Our goal here is to create the dictionary of `Keywords_mapping_title`, we go over the papers in the training set. For each paper, we first find the set of keywords (see below for the details of finding the keywords) of the title. Let’s say the normalized citations for this paper is $x$ and the title of this paper has $n$ keywords. Then, we update the `keyword_score` for each keyword of the title of this paper by adding $\frac{x}{n}$.



## Setup

In [1]:
import pandas as pd
import numpy as np
import operator
from collections import OrderedDict
from operator import itemgetter
import unicodedata
import timeit, time
import scholarly
import os, os.path
import re
import nltk
from nltk.tokenize import RegexpTokenizer
import json
import csv
from nltk import pos_tag

def title_preprocess(text):
    if type(text) == float:
        text = 'a'
    if '\\xc2\\xa0\\xe2\\x80\\xa6' in text:
        text = text.replace("\\xc2\\xa0\\xe2\\x80\\xa6", '')
    text = text.replace('"','').replace('“','').replace('”','').replace('“','').replace('”','')
    
    text2 = unicode(text, "utf8")  
    text = unicodedata.normalize('NFKD',text2).encode('ascii','ignore') 
    
    text_stripped_lower = text.strip().lower()
    return text_stripped_lower

## Extracting keywords:

We obtain the keywords by tokenizing the title and removing punctuations from the title.

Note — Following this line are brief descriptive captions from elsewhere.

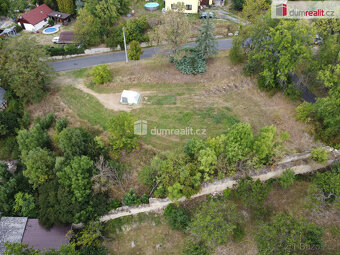 Prodej pozemku v Encovanech - 4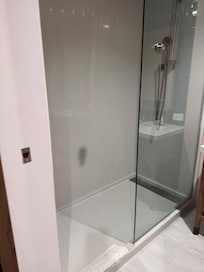 Not place to put nothing inside the shower !!!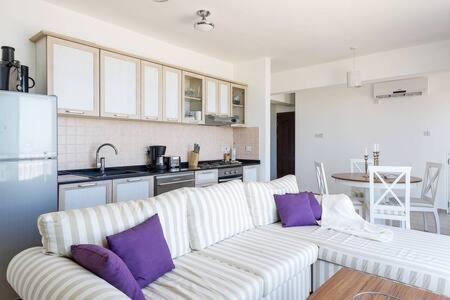 Joya Cyprus Mermaid Penthouse Apartment Agios Amvrosios  Zewnętrze zdjęcie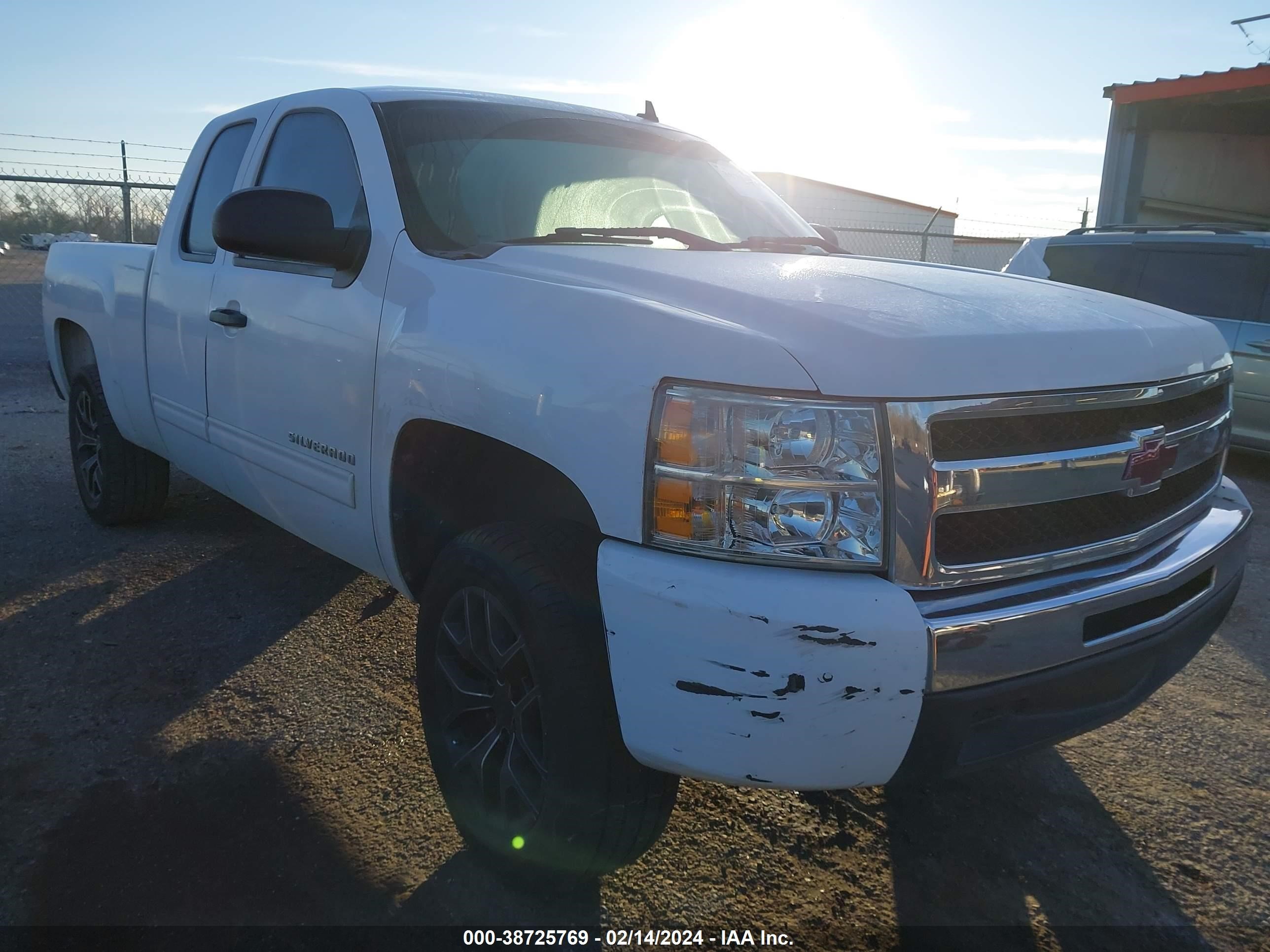 CHEVROLET SILVERADO 2010 1gcscrea7az173954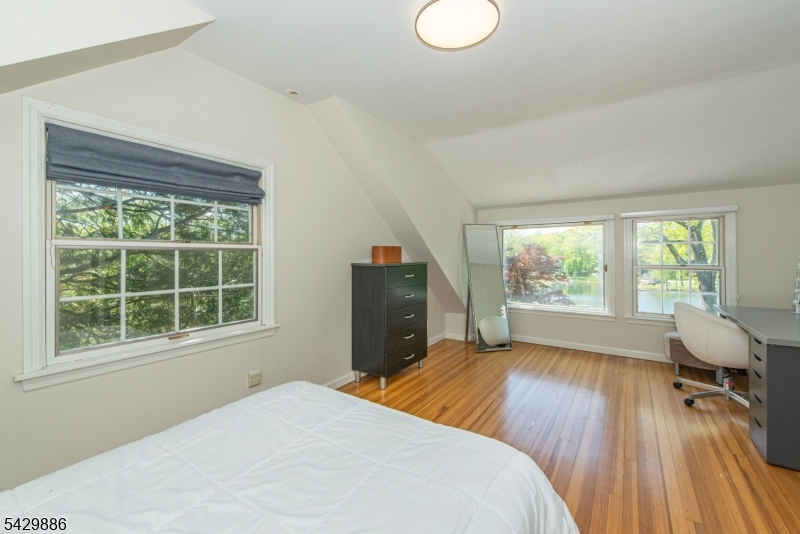 21 Fernwood Pl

For example, consider the following title “LightGBM: A Highly Efficient Gradient Boosting Decision Tree”. By considering the aforementioned step, this title would be converted to the list of words [“LightGBM”, “A”,” Highly” ,” Efficient”, “Gradient”, “Boosting”,” Decision”,” Tree”]. 

Next, we detect the part of speech tag of each word by utilizing NLTK package command. We then ignore words with following tags.
1. CD cardinal digit
2.	CC coordinating conjunction
3.	DT determiner 
4.	EX existential there
5.	IN preposition/subordinating conjunction
6.	PDT predeterminer
7.	POS possessive ending
8.	PRP personal pronoun
9.	PRP\$ possessive pronoun
10.	RB adverb
11.	RBR adverb, comparative
12.	RBS adverb, superlative
13.	RP particle
14.	TO
15.	UH interjection
16.	WRB wh-abverb
17.	WP$ possessive wh-pronoun
18.	WP wh-pronoun
19.	WDT wh-determiner

Basically, we aim to only keep the words with Noun, Adj., and Verb tags as keywords. 

For instance, the corresponding keywords of our previous example would be 
Keywords = [“LightGBM”,” Efficient”, “Gradient”, “Boosting”,” Decision”,” Tree”]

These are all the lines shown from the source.